If a line of the records holds the word "window", copy it out.

_ _ _ _

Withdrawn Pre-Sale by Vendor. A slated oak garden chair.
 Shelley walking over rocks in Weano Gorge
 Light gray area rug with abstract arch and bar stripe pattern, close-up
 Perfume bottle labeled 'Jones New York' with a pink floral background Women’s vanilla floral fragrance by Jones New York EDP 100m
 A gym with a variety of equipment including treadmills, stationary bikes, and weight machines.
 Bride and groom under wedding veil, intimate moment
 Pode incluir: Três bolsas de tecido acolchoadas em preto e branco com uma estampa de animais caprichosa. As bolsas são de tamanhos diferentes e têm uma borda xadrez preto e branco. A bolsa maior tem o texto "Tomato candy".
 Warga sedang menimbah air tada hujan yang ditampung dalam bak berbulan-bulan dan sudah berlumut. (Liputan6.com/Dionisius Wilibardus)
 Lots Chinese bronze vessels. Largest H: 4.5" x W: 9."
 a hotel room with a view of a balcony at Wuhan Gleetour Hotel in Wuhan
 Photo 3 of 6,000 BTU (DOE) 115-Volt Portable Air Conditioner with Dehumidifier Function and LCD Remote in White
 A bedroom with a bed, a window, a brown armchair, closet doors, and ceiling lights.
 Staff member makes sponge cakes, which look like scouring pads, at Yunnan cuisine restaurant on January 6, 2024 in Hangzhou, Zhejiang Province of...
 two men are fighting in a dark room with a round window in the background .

_ _ _ _

> [Response to this exercise]
 A bedroom with a bed, a window, a brown armchair, closet doors, and ceiling lights.
 two men are fighting in a dark room with a round window in the background .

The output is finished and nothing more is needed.